**Input data**.
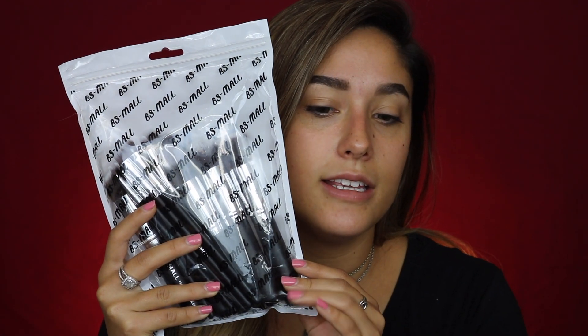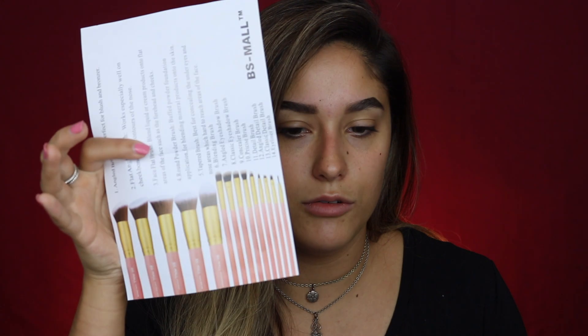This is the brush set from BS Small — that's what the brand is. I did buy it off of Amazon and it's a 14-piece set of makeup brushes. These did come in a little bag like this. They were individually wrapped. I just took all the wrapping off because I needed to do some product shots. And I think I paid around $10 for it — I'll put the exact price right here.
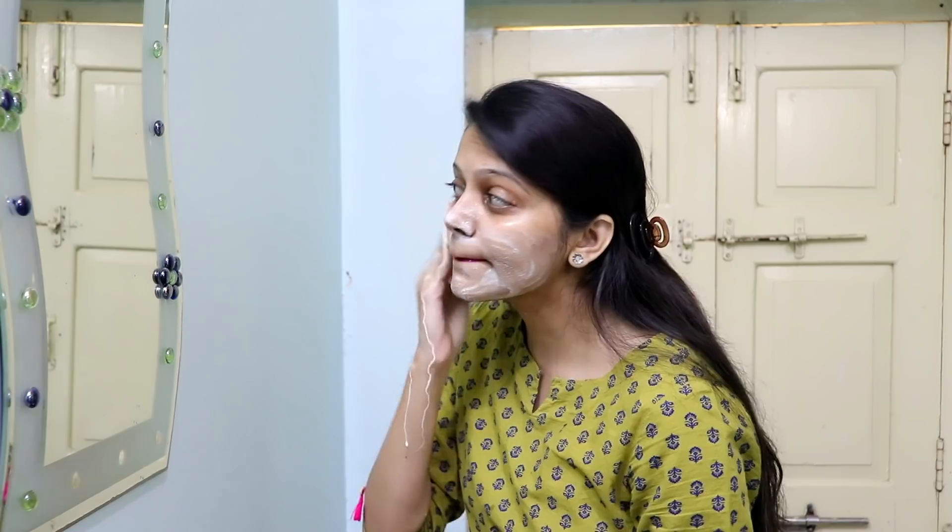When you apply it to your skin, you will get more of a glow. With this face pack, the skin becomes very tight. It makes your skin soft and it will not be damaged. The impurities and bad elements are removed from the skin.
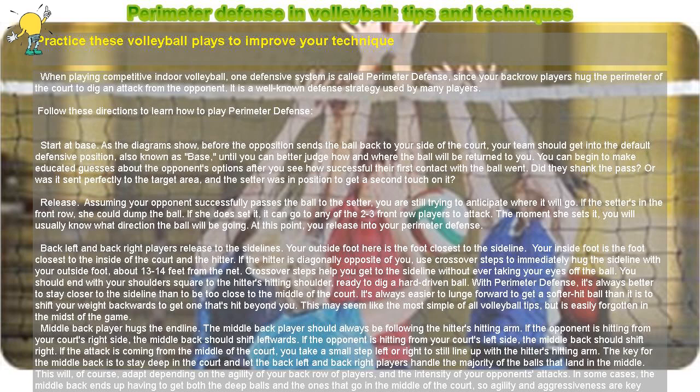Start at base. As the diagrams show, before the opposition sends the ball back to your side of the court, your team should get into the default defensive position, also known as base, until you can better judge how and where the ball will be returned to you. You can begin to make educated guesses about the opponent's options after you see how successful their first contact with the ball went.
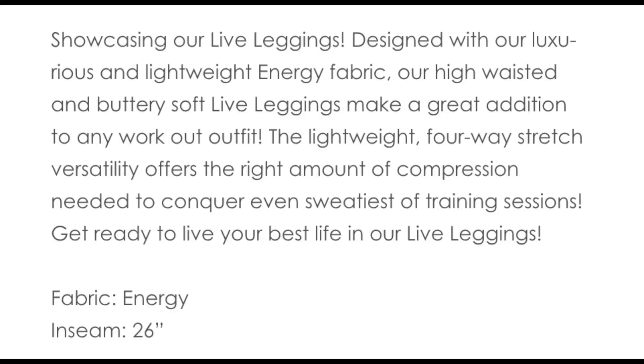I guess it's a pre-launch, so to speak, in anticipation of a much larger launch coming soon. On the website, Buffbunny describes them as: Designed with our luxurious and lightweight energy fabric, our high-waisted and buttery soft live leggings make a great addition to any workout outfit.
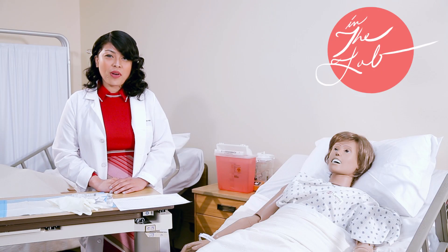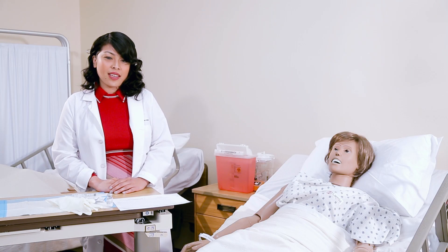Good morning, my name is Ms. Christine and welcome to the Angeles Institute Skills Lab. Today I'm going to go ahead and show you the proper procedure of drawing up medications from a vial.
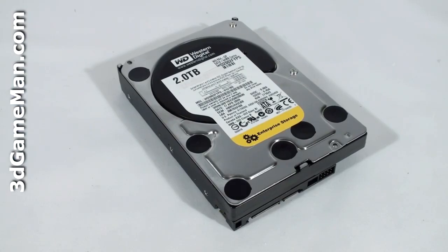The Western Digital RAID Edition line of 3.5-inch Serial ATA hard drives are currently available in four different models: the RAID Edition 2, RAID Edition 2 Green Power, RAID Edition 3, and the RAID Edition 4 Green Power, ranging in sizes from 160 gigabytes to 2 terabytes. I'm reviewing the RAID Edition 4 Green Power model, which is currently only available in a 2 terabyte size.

--

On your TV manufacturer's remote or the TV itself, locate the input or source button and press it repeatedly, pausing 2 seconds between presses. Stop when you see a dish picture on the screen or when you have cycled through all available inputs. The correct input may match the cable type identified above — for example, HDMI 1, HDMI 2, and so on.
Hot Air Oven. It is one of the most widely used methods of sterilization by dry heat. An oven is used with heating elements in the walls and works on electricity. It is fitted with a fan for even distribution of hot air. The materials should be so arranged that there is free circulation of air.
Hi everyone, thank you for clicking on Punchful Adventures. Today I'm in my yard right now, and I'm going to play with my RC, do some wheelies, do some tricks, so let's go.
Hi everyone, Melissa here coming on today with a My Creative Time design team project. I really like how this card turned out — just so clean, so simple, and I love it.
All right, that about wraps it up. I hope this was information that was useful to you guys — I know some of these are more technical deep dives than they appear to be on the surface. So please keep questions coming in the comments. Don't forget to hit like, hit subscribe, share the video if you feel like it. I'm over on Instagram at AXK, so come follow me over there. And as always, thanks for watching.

--

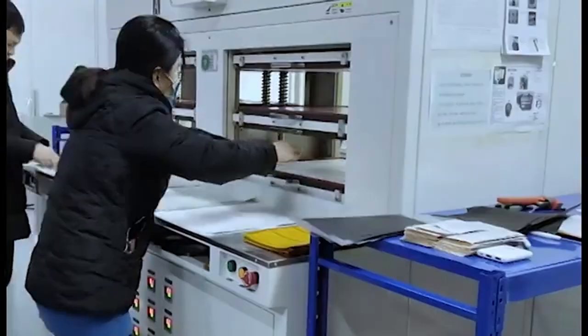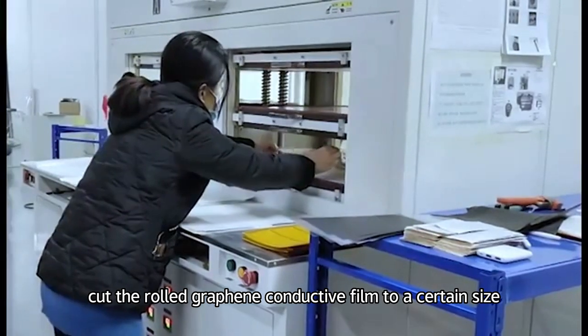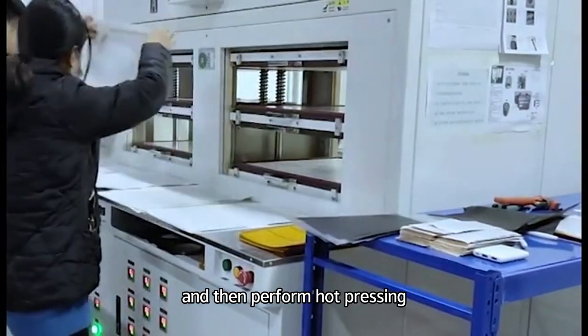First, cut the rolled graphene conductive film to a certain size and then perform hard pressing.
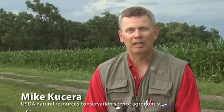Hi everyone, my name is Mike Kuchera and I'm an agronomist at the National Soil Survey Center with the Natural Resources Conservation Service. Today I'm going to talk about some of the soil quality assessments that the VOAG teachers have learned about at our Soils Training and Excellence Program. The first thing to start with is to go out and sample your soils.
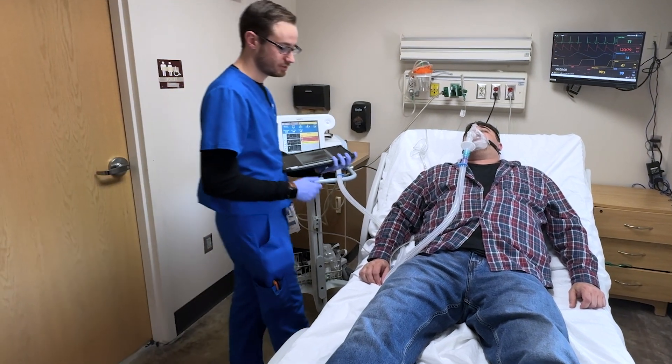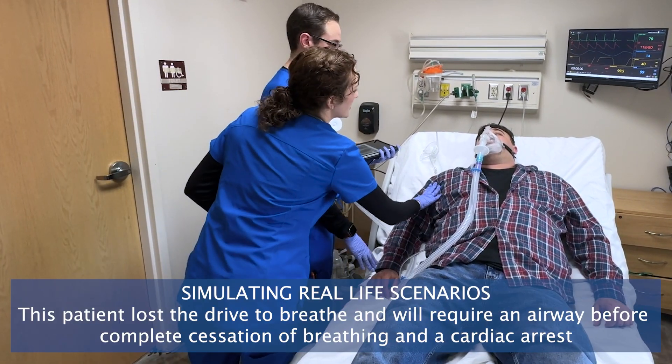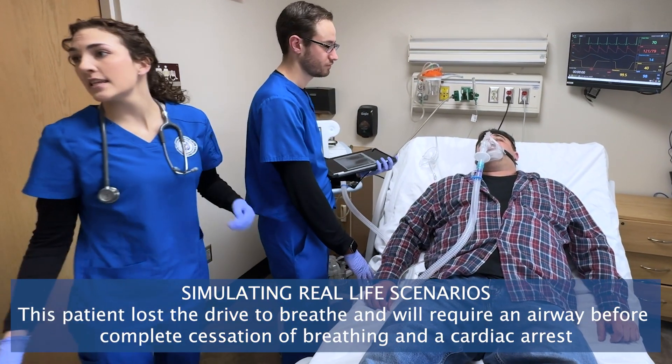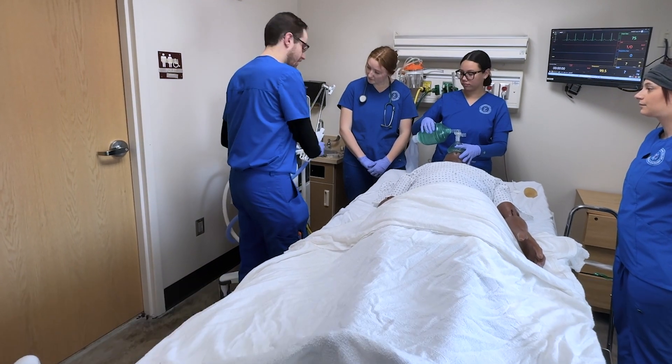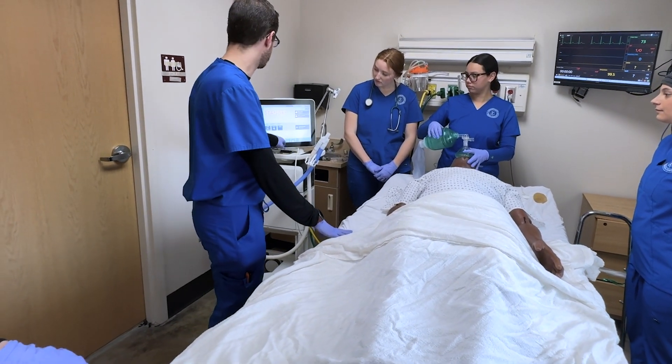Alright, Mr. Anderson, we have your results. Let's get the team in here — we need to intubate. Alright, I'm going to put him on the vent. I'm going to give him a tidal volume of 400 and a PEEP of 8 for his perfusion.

**Try it**. What is needed is an exact copy of the lines above, from the one holding "I guess it's" down to the one holding "The Western Digital", with those two included and the pictures left out.

**Written answer**.
I guess it's a pre-launch, so to speak, in anticipation of a much larger launch coming soon. On the website, Buffbunny describes them as: Designed with our luxurious and lightweight energy fabric, our high-waisted and buttery soft live leggings make a great addition to any workout outfit.
Good morning, my name is Ms. Christine and welcome to the Angeles Institute Skills Lab. Today I'm going to go ahead and show you the proper procedure of drawing up medications from a vial.
The Western Digital RAID Edition line of 3.5-inch Serial ATA hard drives are currently available in four different models: the RAID Edition 2, RAID Edition 2 Green Power, RAID Edition 3, and the RAID Edition 4 Green Power, ranging in sizes from 160 gigabytes to 2 terabytes. I'm reviewing the RAID Edition 4 Green Power model, which is currently only available in a 2 terabyte size.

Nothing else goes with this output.